Before I criticize, let me say that I loved reading this book. It was a delight, and I recommend it to all other Jane Austen fans. I’m going to point out some ways it wasn’t perfect, but it was still very very good and tremendously enjoyable. So please keep that in mind!

I do think I liked it more than Carrie Bebris’s Jane Austen sequels. In those, I didn’t really appreciate the paranormal element she brought in, and P. D. James did a better job imitating Jane Austen’s style. (Though I thoroughly enjoyed Carrie Bebris’s books as well.)

I admit I was delighted with her choice of victim and suspect. P. D. James brings back most of the important characters from Pride and Prejudice. The Prologue nicely sets the stage, and fits absolutely well with what Jane Austen said at the end of her book about how her characters’ lives continued.

A couple things I would have liked to be different:

Preparations for a ball at Pemberley are interrupted by a murder. Shucks. It would have been fun to get to read about a ball at Pemberley.

Georgiana is considering two suitors, but her choice is settled very easily. Some romance and romantic scenes and misunderstanding and revelation would have been nicely in the spirit of Jane Austen.
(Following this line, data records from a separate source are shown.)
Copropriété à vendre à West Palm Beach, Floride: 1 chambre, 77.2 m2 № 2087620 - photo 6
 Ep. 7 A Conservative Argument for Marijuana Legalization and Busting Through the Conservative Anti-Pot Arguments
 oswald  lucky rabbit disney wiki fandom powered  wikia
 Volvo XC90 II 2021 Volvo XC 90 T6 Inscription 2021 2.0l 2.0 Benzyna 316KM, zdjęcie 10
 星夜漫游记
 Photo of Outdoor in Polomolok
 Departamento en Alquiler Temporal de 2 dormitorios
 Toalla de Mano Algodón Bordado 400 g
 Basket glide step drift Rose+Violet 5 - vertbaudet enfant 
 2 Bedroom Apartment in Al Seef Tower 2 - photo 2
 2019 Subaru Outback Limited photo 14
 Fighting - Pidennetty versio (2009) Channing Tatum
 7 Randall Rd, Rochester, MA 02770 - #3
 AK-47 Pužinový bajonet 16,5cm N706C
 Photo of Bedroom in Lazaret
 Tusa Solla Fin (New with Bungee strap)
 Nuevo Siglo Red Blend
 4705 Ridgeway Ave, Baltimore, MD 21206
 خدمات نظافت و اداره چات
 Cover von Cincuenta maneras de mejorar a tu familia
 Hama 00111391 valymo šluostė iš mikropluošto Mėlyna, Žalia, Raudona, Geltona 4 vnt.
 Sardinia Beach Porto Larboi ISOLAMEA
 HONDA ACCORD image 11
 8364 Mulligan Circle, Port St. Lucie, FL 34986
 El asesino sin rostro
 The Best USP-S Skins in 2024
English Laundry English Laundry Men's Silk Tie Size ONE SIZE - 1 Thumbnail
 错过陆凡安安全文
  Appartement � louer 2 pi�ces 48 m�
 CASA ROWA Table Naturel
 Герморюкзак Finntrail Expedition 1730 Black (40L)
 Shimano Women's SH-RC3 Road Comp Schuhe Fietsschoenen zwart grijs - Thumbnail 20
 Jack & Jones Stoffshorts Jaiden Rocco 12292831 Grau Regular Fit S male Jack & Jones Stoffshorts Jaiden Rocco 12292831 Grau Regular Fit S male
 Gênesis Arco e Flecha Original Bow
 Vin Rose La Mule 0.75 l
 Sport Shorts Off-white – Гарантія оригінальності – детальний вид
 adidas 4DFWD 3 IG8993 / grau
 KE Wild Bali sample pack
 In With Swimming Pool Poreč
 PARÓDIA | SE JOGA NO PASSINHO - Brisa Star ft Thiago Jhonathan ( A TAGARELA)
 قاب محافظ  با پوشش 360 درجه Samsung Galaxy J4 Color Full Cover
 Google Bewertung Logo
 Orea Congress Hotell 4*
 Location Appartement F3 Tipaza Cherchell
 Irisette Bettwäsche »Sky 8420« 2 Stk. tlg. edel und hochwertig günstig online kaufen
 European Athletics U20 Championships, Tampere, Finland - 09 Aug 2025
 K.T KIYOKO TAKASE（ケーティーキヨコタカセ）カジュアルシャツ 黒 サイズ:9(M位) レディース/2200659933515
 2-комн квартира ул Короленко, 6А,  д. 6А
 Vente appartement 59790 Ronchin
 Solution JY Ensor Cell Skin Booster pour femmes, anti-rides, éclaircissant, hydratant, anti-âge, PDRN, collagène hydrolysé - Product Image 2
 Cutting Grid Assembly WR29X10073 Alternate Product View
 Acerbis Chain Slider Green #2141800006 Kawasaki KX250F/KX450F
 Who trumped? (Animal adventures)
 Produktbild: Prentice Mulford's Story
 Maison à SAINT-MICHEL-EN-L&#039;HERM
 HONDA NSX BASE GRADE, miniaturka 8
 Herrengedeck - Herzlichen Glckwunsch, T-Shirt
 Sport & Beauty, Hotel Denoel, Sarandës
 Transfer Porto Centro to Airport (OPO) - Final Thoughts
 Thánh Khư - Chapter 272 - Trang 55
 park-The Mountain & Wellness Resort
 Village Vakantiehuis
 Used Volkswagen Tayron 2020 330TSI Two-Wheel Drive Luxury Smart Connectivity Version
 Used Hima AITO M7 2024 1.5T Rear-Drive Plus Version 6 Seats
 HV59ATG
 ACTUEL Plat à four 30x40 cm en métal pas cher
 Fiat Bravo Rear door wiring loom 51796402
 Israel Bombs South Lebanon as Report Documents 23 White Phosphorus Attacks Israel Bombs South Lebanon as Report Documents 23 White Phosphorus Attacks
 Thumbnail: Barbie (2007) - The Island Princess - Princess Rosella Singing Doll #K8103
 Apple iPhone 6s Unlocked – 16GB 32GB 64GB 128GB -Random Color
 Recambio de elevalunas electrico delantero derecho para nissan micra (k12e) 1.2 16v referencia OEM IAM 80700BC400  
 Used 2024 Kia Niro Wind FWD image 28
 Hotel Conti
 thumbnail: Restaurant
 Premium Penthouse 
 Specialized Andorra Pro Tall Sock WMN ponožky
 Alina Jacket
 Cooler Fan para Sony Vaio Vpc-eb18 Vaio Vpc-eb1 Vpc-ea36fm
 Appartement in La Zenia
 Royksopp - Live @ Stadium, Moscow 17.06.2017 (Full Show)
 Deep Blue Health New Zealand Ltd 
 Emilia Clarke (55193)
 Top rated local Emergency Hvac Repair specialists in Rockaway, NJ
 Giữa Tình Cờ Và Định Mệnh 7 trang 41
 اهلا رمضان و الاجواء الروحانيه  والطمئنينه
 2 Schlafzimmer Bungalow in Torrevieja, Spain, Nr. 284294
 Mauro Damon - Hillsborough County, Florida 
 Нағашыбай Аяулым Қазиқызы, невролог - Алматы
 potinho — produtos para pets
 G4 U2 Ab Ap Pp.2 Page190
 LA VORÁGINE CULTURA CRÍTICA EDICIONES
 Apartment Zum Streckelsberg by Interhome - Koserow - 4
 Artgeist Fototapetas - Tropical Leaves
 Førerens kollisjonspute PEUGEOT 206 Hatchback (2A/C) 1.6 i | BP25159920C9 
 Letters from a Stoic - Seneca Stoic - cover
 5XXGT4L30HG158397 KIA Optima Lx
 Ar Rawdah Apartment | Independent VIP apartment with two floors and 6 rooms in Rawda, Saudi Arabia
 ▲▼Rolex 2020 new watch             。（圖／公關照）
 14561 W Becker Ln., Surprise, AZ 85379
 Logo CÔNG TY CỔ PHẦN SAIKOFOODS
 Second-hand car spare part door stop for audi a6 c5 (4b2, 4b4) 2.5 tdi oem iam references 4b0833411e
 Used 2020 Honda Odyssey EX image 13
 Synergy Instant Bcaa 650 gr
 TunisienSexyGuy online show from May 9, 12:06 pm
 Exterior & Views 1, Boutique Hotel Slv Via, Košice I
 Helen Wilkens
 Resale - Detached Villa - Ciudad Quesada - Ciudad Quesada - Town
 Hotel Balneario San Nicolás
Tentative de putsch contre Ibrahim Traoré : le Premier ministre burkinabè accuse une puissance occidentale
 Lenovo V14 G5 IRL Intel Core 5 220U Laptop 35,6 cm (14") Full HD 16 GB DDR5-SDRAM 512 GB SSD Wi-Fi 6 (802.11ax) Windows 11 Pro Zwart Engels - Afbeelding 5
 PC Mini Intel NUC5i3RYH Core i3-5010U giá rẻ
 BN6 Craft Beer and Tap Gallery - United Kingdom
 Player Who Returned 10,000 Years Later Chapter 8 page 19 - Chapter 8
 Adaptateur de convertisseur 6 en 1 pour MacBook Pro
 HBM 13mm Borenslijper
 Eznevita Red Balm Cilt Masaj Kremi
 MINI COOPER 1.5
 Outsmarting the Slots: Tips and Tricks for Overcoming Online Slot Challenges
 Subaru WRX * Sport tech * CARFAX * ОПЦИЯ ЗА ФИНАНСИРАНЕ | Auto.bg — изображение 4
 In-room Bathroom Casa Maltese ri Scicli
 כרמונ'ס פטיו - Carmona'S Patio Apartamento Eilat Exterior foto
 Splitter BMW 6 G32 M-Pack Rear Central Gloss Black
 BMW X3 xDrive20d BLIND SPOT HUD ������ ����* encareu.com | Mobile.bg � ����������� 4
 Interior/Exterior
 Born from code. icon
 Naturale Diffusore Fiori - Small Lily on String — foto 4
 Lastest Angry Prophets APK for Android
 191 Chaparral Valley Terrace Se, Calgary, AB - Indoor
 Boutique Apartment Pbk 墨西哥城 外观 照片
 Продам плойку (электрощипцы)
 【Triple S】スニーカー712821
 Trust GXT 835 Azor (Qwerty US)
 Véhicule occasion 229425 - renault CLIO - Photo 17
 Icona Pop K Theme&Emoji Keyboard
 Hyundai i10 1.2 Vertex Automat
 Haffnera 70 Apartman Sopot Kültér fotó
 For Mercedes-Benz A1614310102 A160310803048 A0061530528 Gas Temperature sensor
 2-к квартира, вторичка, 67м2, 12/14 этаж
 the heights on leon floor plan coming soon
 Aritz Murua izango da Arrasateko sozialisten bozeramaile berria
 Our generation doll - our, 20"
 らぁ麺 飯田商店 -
My biggest objection is that the mystery was not solved by our main characters. When all has been resolved, Darcy is simply informed of the resolution. Sure, we had some clues and some suspicions, but not really enough to solve the crime, and it ended up pretty much being luck that let the truth come out. I would have liked it much better if Elizabeth had solved the crime, coming up with the crucial information, or, next best, Mr. Darcy.

I also was kind of annoyed by an ending talk between Elizabeth and Darcy. They discussed things that they’d already cleared up at the end of Pride and Prejudice. This was unnecessary.

However, some things I loved:

She really got the spirit of the characters and the society. Without petty tricks like imitating Pride and Prejudice‘s first line.

She brought back so many characters from the original book. Even Mr. Bennett visits for awhile, just as Jane Austen mentioned he was wont to do.

She made the legal process at that time, with magistrates and the inquest and trial process, very clear and easy to understand.

Most of all, I felt like I was spending time with my beloved characters again. Definitely a treat for fans of Pride and Prejudice!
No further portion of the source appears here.